WHAT TO WORK ON: Please return the lines from the one with "arrestata una donna" through the end of the listing below, word for word, with every picture left out.

RECORDS TO USE:
[Start of section]

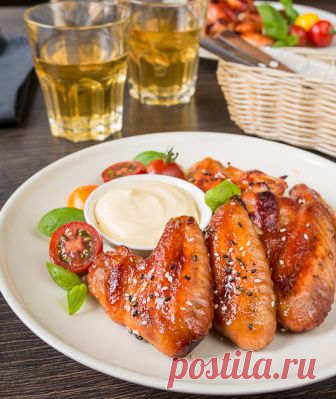 Острые медовые крылышки на Вкусном Блоге Мед в сочетании с соевым соусом дает при запекании удивительно красивую румяную корочку на курице, мясе и других продуктах. В этом можно в очередной раз убедиться, если приготовить крылышки по этому рецепту 😉 Вкусные, пикантные и очень красивые. Предлагаю не тянуть, а перейти уже к готовке в конце концов 🙂…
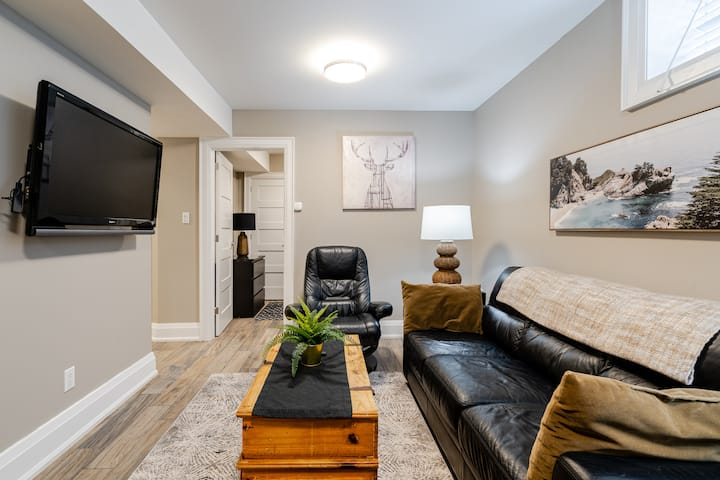Modern 3 Bedroom Suite (Upper Toronto Beaches) - Toronto, ON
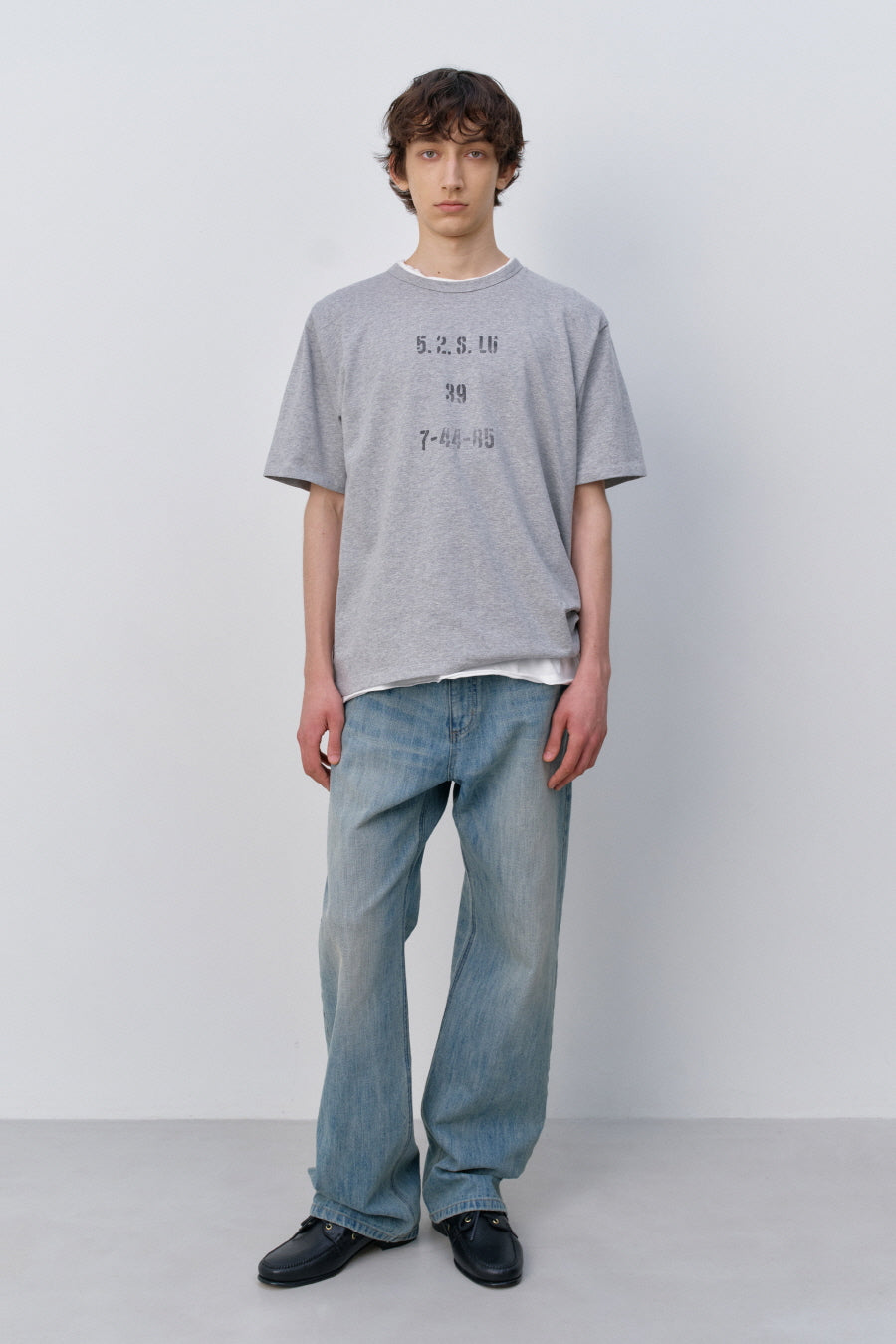 Insilence - Stencil Graphic T-shirt (Melange Grey) product image 1 | TRAB K-Fashion Australia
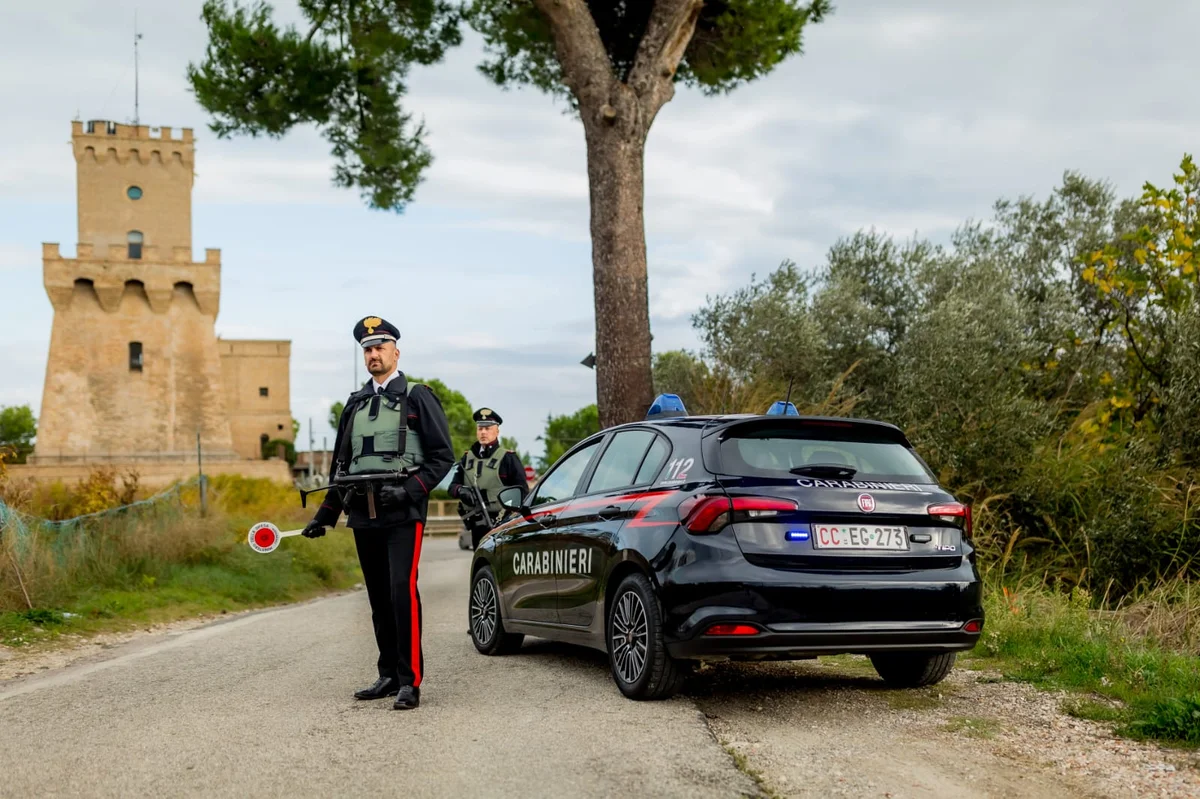 Pineto,  fermata in auto con la coca: arrestata una donna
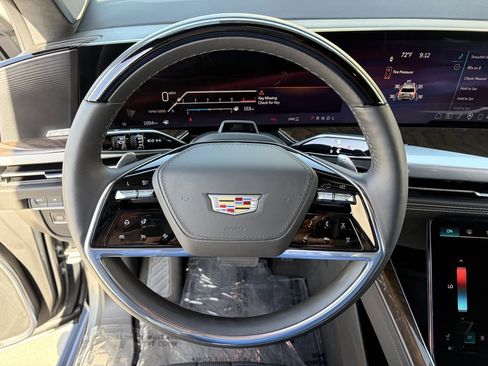 Certified 2025 Cadillac Escalade ESV Sport Platinum AWD/4WD image 25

[End of section]

ANSWER SECTION:
 Pineto,  fermata in auto con la coca: arrestata una donna
 Certified 2025 Cadillac Escalade ESV Sport Platinum AWD/4WD image 25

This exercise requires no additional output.